If approved, the proposal would move Arkansas’ minimum wage from $6.25 to $8.50 by 2017.

“I’m going to vote for that initiated act as a citizen,” Rep. Tom Cotton, who is running for the U.S. Senate, said Friday in an interview on KHTE-FM. “As Arkansas’ next U.S. senator, I’m going to make sure that we have a healthy economy, not the kind of minimum-wage economy that Barack Obama and Mark Pryor have created.”

Former U.S. Rep. Asa Hutchinson, the GOP’s candidate for governor, said in an interview that he, too, would vote to raise the minimum wage.

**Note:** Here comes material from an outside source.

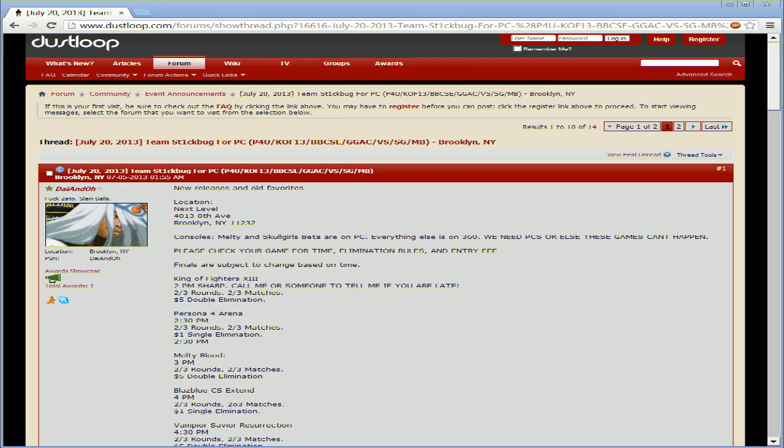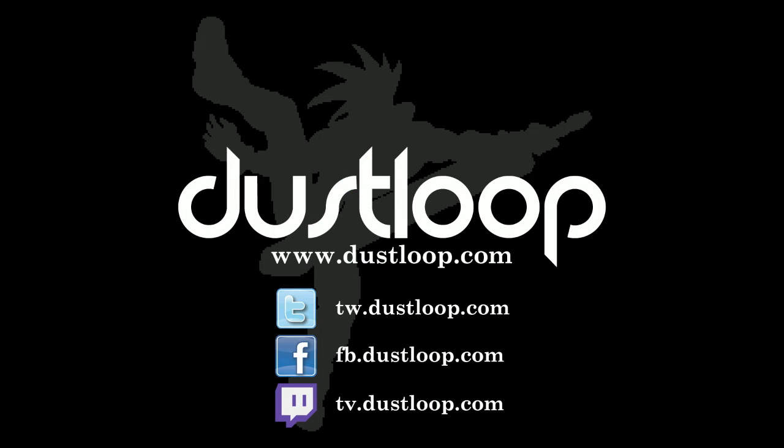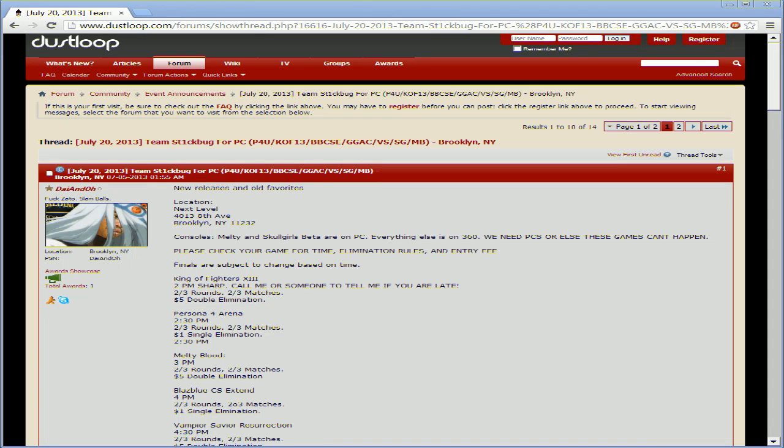Yep, today we got KOF 13, Persona 4 Arena, Blazblue Extend, Guilty Gear Accent Core, Darkstalkers Resurrection aka Vampire Savior, and if people come through and bring PCs we'll have Melty Blood and Skullgirls Beta as well.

“I’ve said from Day One that we needed to raise the minimum wage. The debate has been, ‘What is the process for getting there?” Hutchinson told The Associated Press.

Democrats accused the Republican candidates of favoring the ballot issue for political purposes only. Hutchinson had said he wanted legislators to address the issue, not voters, and Cotton said “empowering individuals and businesses” was a preferred way to grow the economy.

Hutchinson said that, if voters pass the initiated act, legislators will need a two-thirds vote to make any changes later. If the Legislature passed an increase, members could tweak the law with a simple majority.

“If it is going to be on the ballot, I’ve got to vote ‘Yes’ or ‘No’ on it,” Hutchinson said. He said he would vote “Yes.”

The secretary of state’s office said Wednesday that supporters of the minimum-wage increase had collected enough signatures to place the proposal before voters this fall.

Well ahead of its approval, Democrats made it a key part of their campaigns. At their state convention last month, Democrats adopted the wage increase as part of their platform.

Democrats controlled Arkansas’ political scene from Reconstruction to 2010, when Republicans made major gains as part of a backlash against - around here - an unpopular president. The GOP took control of the Legislature in 2012 and has already clinched control of the state Senate for 2015.

Should the Democratic slide continue and the party lose a majority of the state’s seven constitutional offices, control of local election commissions would shift into Republican hands.

When announcing the effort, the group Give Arkansas a Raise Now noted Arkansas was one of four states with a minimum wage lower than the federal level of $7.25 per hour.

Two-term incumbent Sen. Mark Pryor, D-Ark., and former U.S. Rep. Mike Ross, running for governor as a Democrat, previously announced support for the increase. Pryor said he preferred a state wage of $8.50 over one of $10.10 proposed by the president. Cotton also opposed the president’s plan and, until declaring his support for it today, had said since the spring he was studying the state proposal.

“Congressman Cotton clearly just read the political tea leaves and decided the best thing for his political ambitions is to tepidly support this ballot measure,” said Pryor spokesman Erik Dorey.

Ross spokesman Brad Howard said Hutchinson had changed his mind “in a desperate attempt to win an election.”

Hutchinson said he had already spoken in favor of raising the minimum wage while Ross was still weighing the question, rejecting suggestions by the Democrats’ campaign that he had flip-flopped.

Hutchinson’s stand was first reported by the website Talk Business. Cotton spoke to radio host Alice Stewart on KHTE.